#### Records for the task:
-.-.-

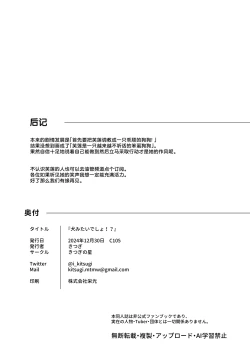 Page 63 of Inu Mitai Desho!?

-.-.-

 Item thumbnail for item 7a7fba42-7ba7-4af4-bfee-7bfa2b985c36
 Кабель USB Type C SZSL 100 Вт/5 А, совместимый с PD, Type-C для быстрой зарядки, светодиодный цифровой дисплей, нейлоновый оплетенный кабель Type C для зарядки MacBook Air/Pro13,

-.-.-

#### Exercise:
In the listing above, find the line with "Item thumbnail for" and the line with "Кабель USB Type", then reproduce both and every line between them exactly.

#### Result for this task:
 Item thumbnail for item 7a7fba42-7ba7-4af4-bfee-7bfa2b985c36
 Кабель USB Type C SZSL 100 Вт/5 А, совместимый с PD, Type-C для быстрой зарядки, светодиодный цифровой дисплей, нейлоновый оплетенный кабель Type C для зарядки MacBook Air/Pro13,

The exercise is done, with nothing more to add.